The difficulty for ministers is that the battle will be not be won with the policy equivalent of aerial pyrotechnics but on - and beneath - the ground. There, in the community, opposition is entrenching.
The problem is a real one: the UK would benefit from more domestic energy as the North Sea is drained of its fossil fuels, especially given gas giant Russia's actions in Ukraine and mega-deal with China that will divert copious gas eastwards. Gas, if it replaces coal, could also cut carbon emissions for a while.
From David Cameron down, Conservative ministers have been the fracking industry's biggest cheerleaders, offering fat tax breaks, repeating industry claims of billions of pounds of revenue and tens of thousands of jobs, and even making "baseless" claims that it will cut energy bills.
But this PR assault, promising a US-style oil and gas bonanza, is failing to convince the people who matter: those living above the shale. Another poll this week shows public opinion is hardening against fracking: opposition has risen from 37% from 33% last August (at the height of Cuadrilla's PR fiasco in Balcombe, Sussex), while support for fracking has fallen from 31% to 25%.
Removing the right of people to use trespass laws to object to fracking wells being drilled under their homes - a "costly, time-consuming and disproportionate" right, according to government - will delight the industry. One very senior figure told me this is one of the biggest barriers to progress it faces. But it will only bolster the rebellious resolve of those prepared to man the barricades against the drillers.

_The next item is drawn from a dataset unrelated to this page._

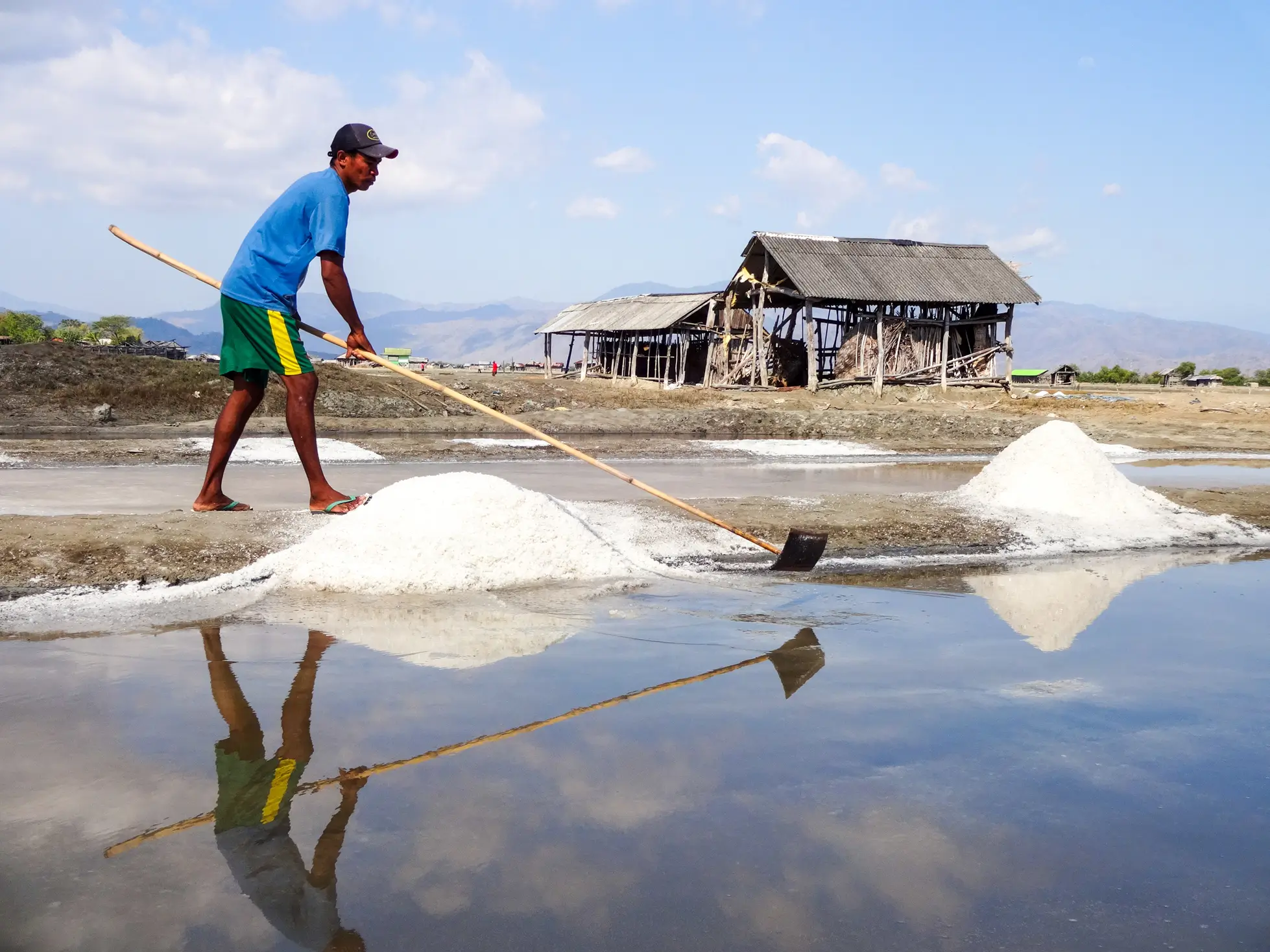 Aktivitas petani tambak garam di Desa Sanolo Kecamatan Bolo Kabupaten Bima memanen garam saat musim kemarau tahun 2026. Foto US/ Berita11.com.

The "voluntary" £20,000 per horizontal well will be paid at a "community level", with the details to be decided by the industry itself. Compensating locals for the invasion of their spaces is necessary: look what happened when ministers allowed big wind farm companies to march into communities and then export all the profit back out again. But this compensation will have to be cash into people's hands to have any effect on opinion: a spruced up village hall is unlikely to change the opinion of those who think fracking is certain to poison their water and air.
Ministers have challenged this notion: they claim that a strict and comprehensive regulatory regime is in place to protect people and the environment. The problem is that people don't believe them, and not without reason.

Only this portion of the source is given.